IBM Quality Assurance and Testing Services (QA&TS) practice recently briefed NelsonHall on its approach to managing test cases and on reducing the numbers of test case automation, beyond pair-wise testing.
Before we jump into the details of IBM QA&TS’ offering, let’s step back for a few moments: software testing remains a very human labor-intensive activity. If we take a manufacturing plant comparison, a lot of human effort remains at the assembly line level, creating outputs, in the form of test case design and automated scripts. Over the past decade the testing service industry has put a lot of effort in driving efficiencies around test case design and automation, mostly through reusable artefacts (for instance, test cases and test scripts, frameworks, scriptless frameworks and point solutions; the list is vast).

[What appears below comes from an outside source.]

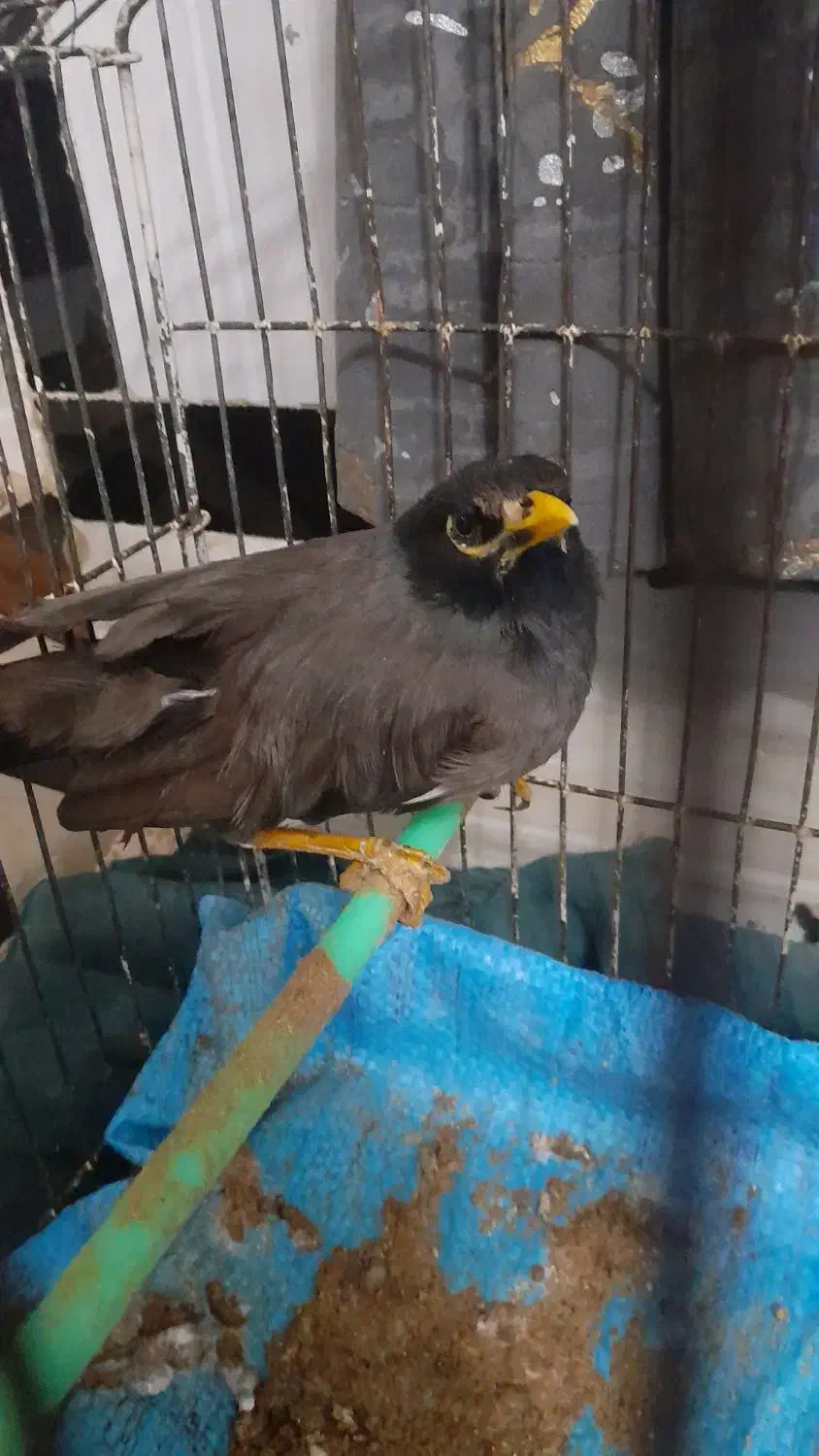 نر مینا|پرنده|زابل, |دیوار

Another way of limiting the effort spent on output (i.e. test script design and execution) is to limit the input. Methods of input limitation include:
- Test process improvement advisory services (to improve test manufacturing processes)
- Making testing requirements clearer to testers i.e. remove ambiguity for testers
- Reducing the number of test cases to design and eventually execute. Using this method, most software testing service vendors have used a statistical approach, pair-wise testing, to optimize the number of test cases.
To understand the inner dynamics of pair-wise testing: each test scenario has attributes - in the example of an online purchase transaction that involves payment and shipping, attributes are the payment option and the shipping option. Each attribute requires data options (e.g. payment options are credit card, PayPal or other). Test cases are systematically created to reflect all attribute options combinations (e.g. credit card payment with express shipping; credit card payment with regular shopping; credit card payment with air shipping, etc.). The number of data options in each attribute increases the number of test cases to be executed. The statistical philosophy of pairwise testing stipulates that this systematic test case approach based on data attributes combination is not worth it: the number of additional defects found will not rise significantly. This is true for two attributes, and even more so for three or more attributes (e.g. payment, shipping, billing address, shipping address). But testing two or more attribute combinations can help raise test coverage (i.e. the percentage of functions in the code is tested).
This approach is not entirely new: large testing services vendors, e.g. Wipro with its StORM methodology, and smaller ones, e.g. Ciber with its Optimal Pathing methodology, have used the approach, combining pair-wise testing or sometimes using Combinatorial Test Design (CTD). Also, CTD, combined with business rules, has other benefits e.g. not only identifying gaps in test coverage, but also identifying those gaps early in the testing life cycle.
Nevertheless, pair-wise testing or CTD are largely underused by client organization and rarely mentioned by testing services vendors.e
Back to IBM QA&TS, who is emphasizing CTD and trying to get it out of its statistical ghetto. Why?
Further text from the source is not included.